EXERCISE OBJECTIVE – Once the line with "12 • Club: Alajuelense" is found in the data, output it and each following line exactly, up to and including the line with "Building Photo - 412 Avenue H", and nothing before or after.

Records from a dataset –
::::::::

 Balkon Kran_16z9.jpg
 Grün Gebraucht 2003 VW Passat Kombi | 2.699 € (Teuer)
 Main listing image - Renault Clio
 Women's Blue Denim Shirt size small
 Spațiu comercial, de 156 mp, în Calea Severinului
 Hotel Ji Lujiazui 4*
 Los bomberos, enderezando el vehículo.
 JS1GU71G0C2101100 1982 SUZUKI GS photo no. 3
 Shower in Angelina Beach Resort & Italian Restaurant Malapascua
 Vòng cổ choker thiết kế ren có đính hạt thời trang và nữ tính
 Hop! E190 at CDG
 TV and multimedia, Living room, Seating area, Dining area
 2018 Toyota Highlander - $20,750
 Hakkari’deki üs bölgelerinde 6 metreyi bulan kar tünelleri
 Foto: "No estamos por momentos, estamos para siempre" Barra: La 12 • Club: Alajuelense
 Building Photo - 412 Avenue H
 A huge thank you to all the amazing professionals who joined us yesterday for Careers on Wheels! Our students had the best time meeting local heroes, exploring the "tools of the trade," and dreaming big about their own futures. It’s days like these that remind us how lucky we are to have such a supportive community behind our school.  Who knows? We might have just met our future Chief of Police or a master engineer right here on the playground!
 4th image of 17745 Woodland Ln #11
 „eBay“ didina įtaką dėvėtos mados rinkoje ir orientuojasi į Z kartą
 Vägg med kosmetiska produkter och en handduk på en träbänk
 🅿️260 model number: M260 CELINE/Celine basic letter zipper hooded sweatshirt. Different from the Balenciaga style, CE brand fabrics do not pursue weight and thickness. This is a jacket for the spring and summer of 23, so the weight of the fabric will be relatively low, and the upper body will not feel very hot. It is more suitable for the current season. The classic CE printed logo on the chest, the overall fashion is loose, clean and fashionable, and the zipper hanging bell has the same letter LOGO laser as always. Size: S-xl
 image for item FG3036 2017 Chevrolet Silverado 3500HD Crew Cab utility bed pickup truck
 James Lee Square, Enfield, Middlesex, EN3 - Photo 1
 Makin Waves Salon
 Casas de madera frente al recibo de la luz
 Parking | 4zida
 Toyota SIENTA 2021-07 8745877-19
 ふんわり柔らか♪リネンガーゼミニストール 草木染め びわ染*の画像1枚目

::::::::

EXERCISE SOLUTION –
 Foto: "No estamos por momentos, estamos para siempre" Barra: La 12 • Club: Alajuelense
 Building Photo - 412 Avenue H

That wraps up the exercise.